Brief descriptive captions
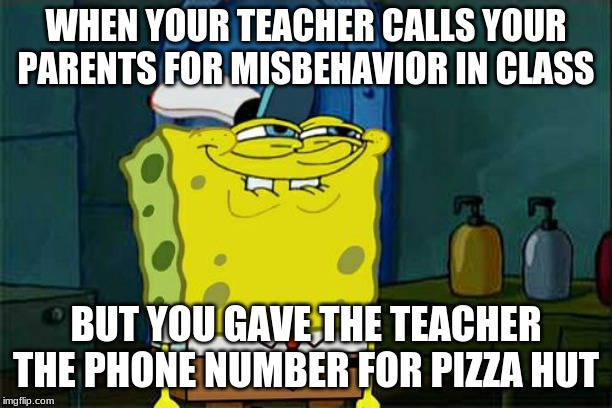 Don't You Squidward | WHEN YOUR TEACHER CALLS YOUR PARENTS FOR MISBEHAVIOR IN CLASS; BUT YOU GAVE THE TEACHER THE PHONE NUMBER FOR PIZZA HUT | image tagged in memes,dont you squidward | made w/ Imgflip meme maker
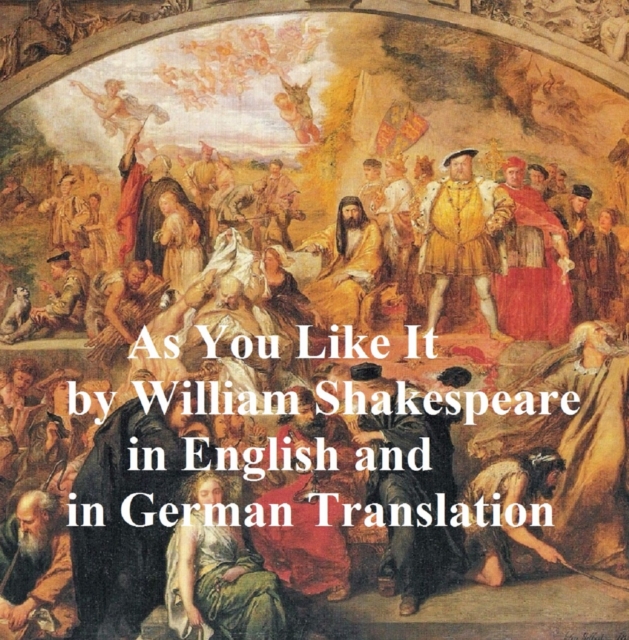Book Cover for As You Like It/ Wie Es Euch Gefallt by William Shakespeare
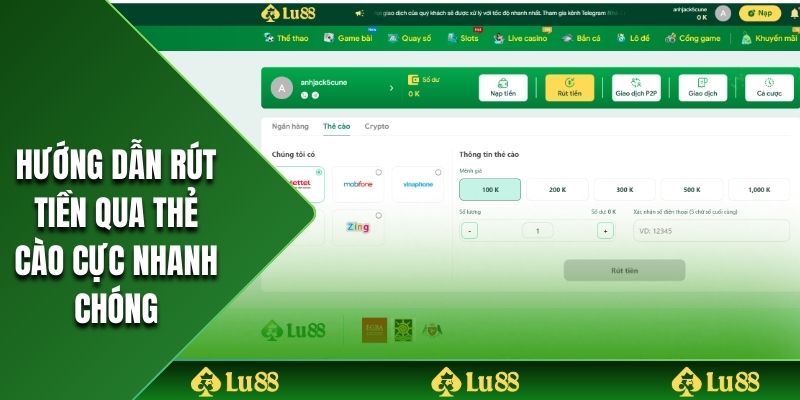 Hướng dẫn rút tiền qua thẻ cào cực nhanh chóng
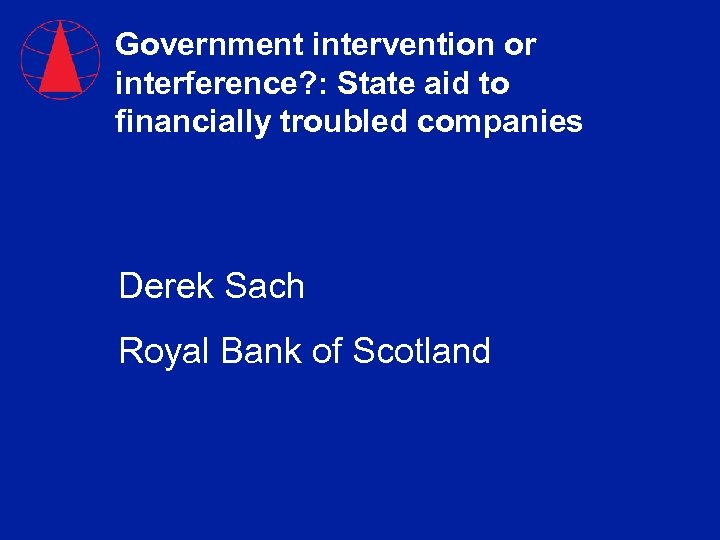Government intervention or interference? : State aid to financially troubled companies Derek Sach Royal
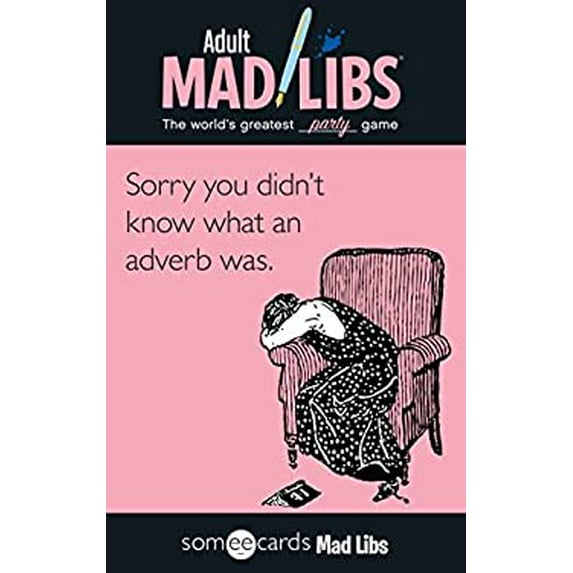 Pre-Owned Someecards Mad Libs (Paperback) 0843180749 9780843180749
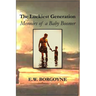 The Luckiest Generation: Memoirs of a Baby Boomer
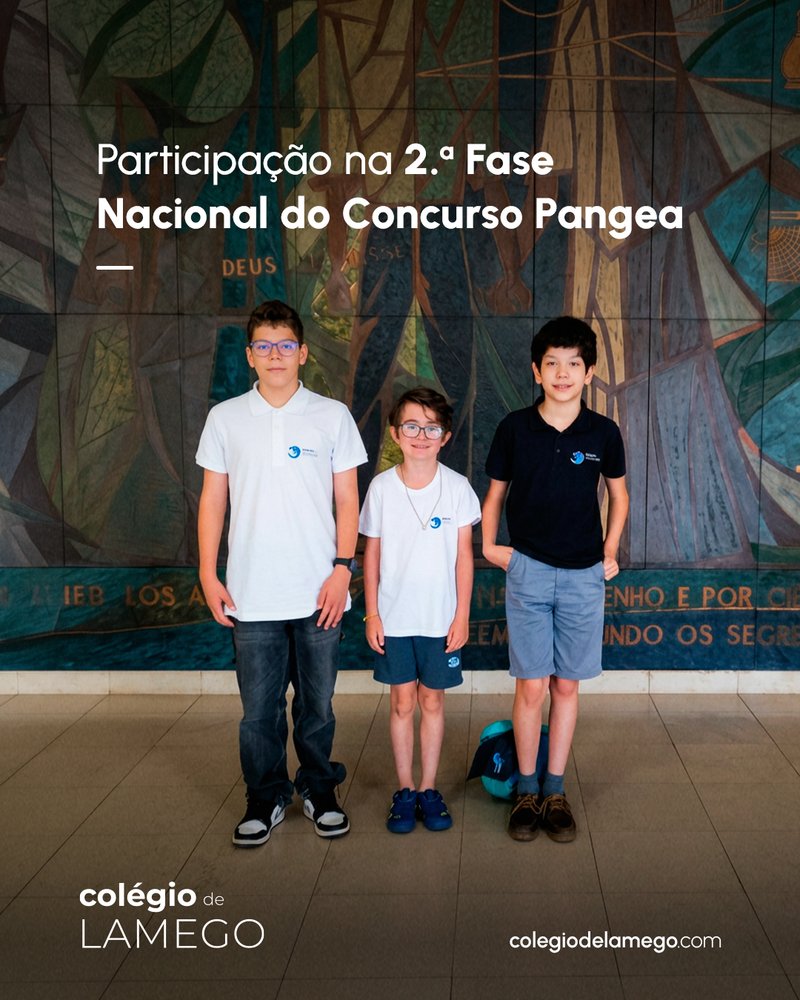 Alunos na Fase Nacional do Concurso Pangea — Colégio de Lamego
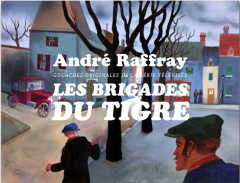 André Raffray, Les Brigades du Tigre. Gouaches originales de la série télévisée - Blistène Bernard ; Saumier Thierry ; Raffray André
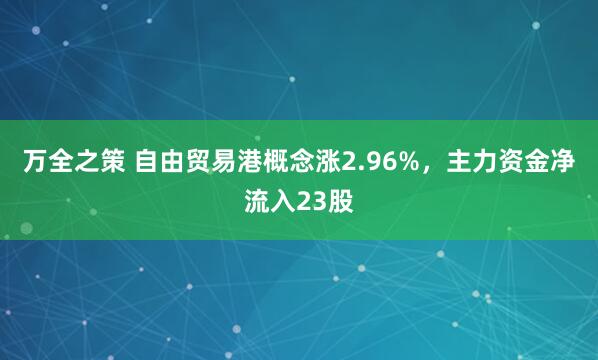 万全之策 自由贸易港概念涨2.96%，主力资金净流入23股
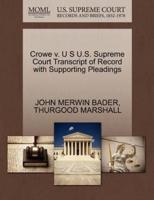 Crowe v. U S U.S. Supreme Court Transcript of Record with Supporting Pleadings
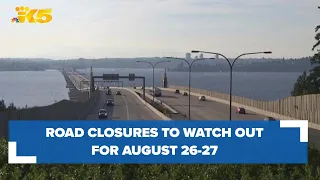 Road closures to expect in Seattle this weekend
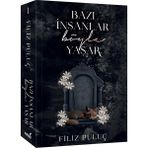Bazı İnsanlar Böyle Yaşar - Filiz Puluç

### EXERCISE AIM
Repeat exactly, and only, the entries from the line with "Hướng dẫn rút" through the line with "万全之策 自由贸易港概念涨2.96%，主力资金净流入23股". Pictures are skipped.

### RESPONSE FOR THIS EXERCISE
 Hướng dẫn rút tiền qua thẻ cào cực nhanh chóng
Government intervention or interference? : State aid to financially troubled companies Derek Sach Royal
 Pre-Owned Someecards Mad Libs (Paperback) 0843180749 9780843180749
 The Luckiest Generation: Memoirs of a Baby Boomer
 Alunos na Fase Nacional do Concurso Pangea — Colégio de Lamego
 André Raffray, Les Brigades du Tigre. Gouaches originales de la série télévisée - Blistène Bernard ; Saumier Thierry ; Raffray André
 万全之策 自由贸易港概念涨2.96%，主力资金净流入23股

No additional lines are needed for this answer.